Universities and beyond
The White Paper still pushes for a wider engagement with science and technology outside the universities and science councils, for the benefits of wider society. But the final version has an increased emphasis on moving R&D activity and funding beyond these ‘usual suspects’. While universities will “continue to play a leading role in research”, it says organisations such as science councils, NGOs, state-owned entities and other privately funded institutions are “increasingly becoming sites of research and innovation” in line with international trends.
“Funding increases are needed for the STI ecosystem, not only for R&D,” the White Paper now says. “Collaboration and co-funding between the business and higher education sectors, as well as business and science councils, will be strengthened to help address the constraints to business R&D.“
Universities, meanwhile, must prepare students for the fourth industrial revolution, it says. “Every researcher, whether in the natural or engineering sciences, social sciences or humanities, has a role to play in characterising the impact of the 4IR,” a new section reads. Government, universities and research councils will undertake surveys to record the country’s response to the 4IR, it adds.
However, while universities are tasked with producing a diverse workforce and combating past inequities in education, the White Paper’s only mention of ‘decolonisation’ has been removed in the final version. The 2018 draft called the decolonisation of knowledge “an essential academic project that will inform institutional development and open up ways of rethinking the university curriculum”. There is no alternative wording of this statement in the new version.
Reversing brain drain and welcoming investment
Finally, a new section discusses how to reverse the brain drain, highlighting the country’s evolving immigration strategy as a way to ensure bright people from all over the world come to South Africa. There is a new white paper on migration, it says, and “strategies will be put in place to optimise this flow of skills and attract investment as South Africa increasingly becomes a host to global research programmes, drawing international researchers and expertise into the country.”

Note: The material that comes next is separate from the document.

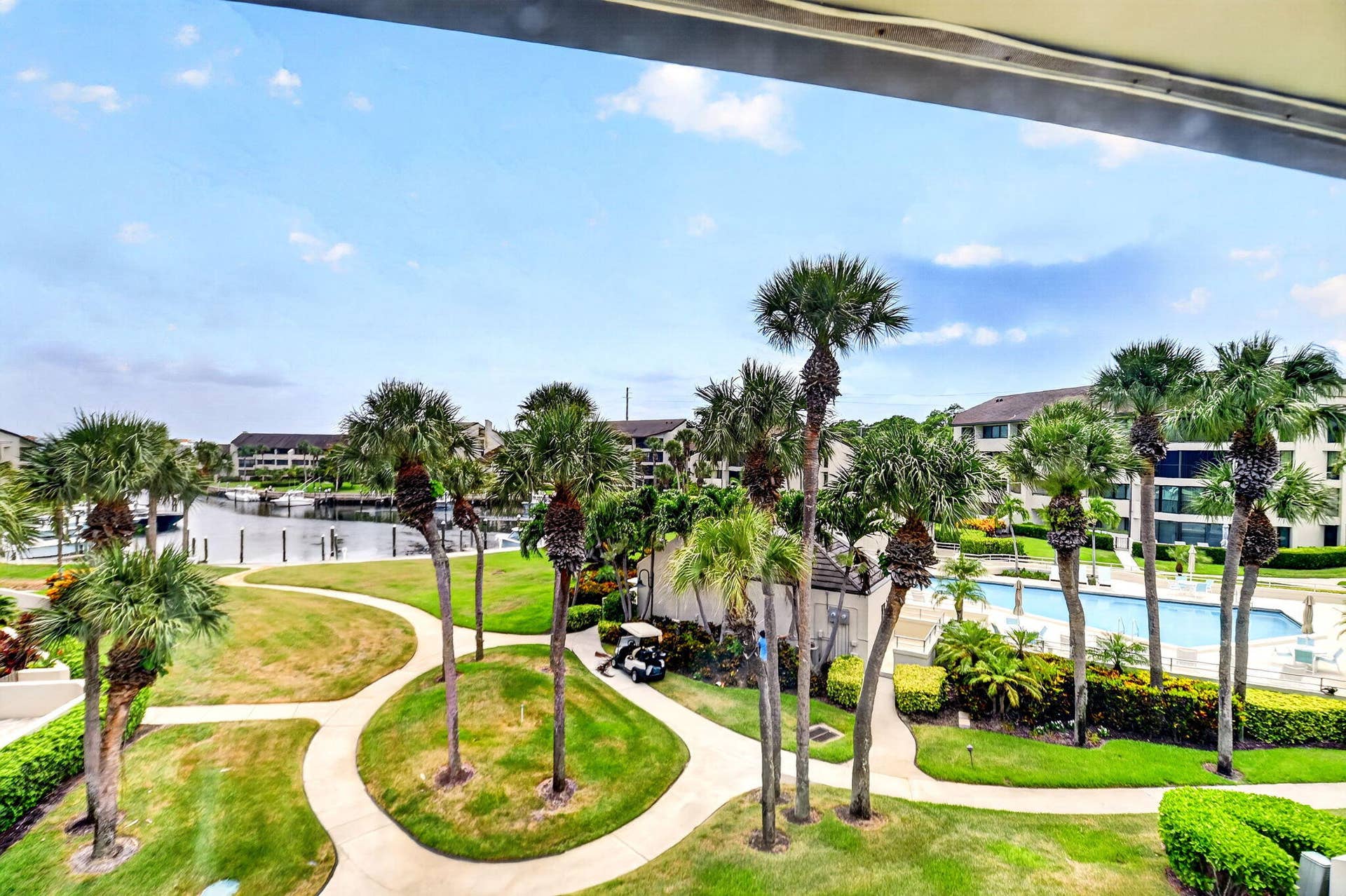 1149 Marine Way E, #G3L, North Palm Beach, FL 33408 50-web-or-mls-DSC_0222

The economic argument for attracting industrial research has been bolstered in the final version of the White Paper. An added section reads that investments in STI will be positioned in the “Trade and Investment South Africa Initiative” based at the Department of Trade and Industry to attract foreign direct investment by multinational companies wanting to perform R&D in South Africa.

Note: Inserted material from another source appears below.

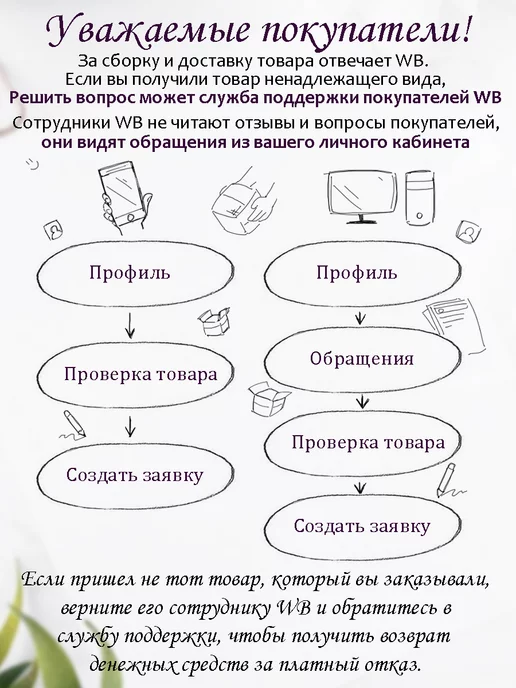 Феникс+ Папка - портфолио для документов А4, розовый, фото 2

However, it’s not all up to foreign investment and local industry to bolster South African scientists’ coffers. In a new bold statement the latest White Paper commits the South African government “at the highest level of budget planning, to sustained increases in public STI investment that will grow over the long term, as the fiscal position of government grows”.
The DST now embarks on a process to develop a decadal implementation plan for the White Paper, stretching from 2019 to 2029.